Credit - Megane Herrick

More and more celebrities and people in the spotlight are choosing to stay away from traditional labels –gay, straight, bisexual and all of the other letters. Some people choose not to define themselves as they find it restrictive, some choose to wait as they haven’t quite figured out the right word, the one that fits. Some love labels, and it brings them a sense of comfort and identity. The question is, do we still need labels in today’s society, or are they doing more harm than good?

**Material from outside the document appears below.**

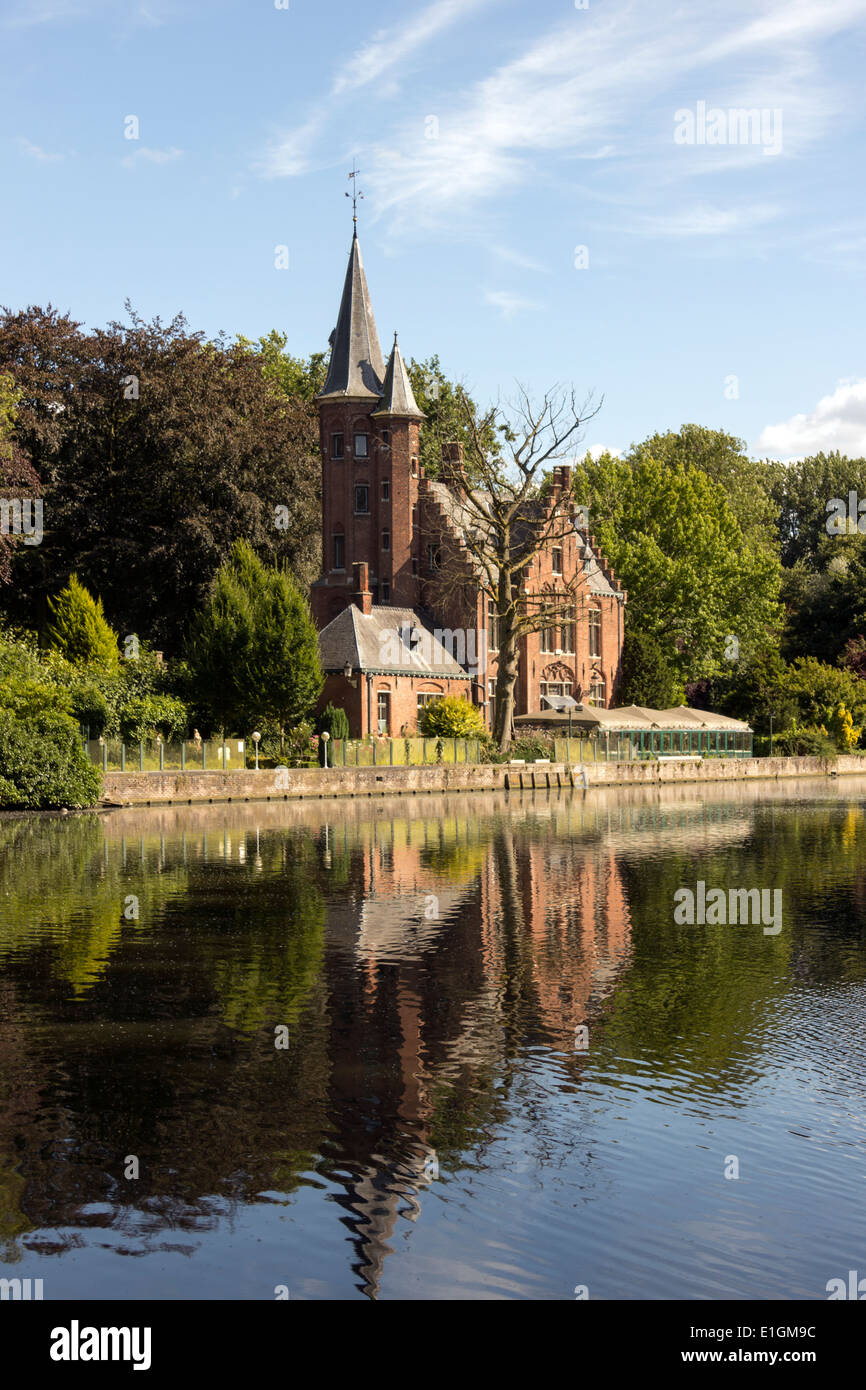 Edificio in stile gotico, sul lago di amore, parco Minnewater, Bruges, Belgio Foto Stock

An abundance of celebrities have chosen not to define themselves, and given us some insights as to why. Kristen Stewart is often referred to as bisexual, but she doesn’t agree. She has said that it took her a while to realise that she could just not use a label, but now she doesn’t. Harry Styles takes a similar approach and has described his views of sexuality as ‘something that’s fun’ but that he ‘hasn’t given it much more thought than that’. He also believes is it something personal, which at the end of the day, it is. Billy Eilish, while she has only publicly dated men, has openly spoken about her attraction to women. She takes the stance of who cares and has made the very valid point of ‘Why can’t we just exist?’ Ariana Grande also shares these sentiments, as she has said she is attracted to both men and women, but chooses not to label it, stating on Twitter that ‘I haven’t before and still don’t feel the need to now’.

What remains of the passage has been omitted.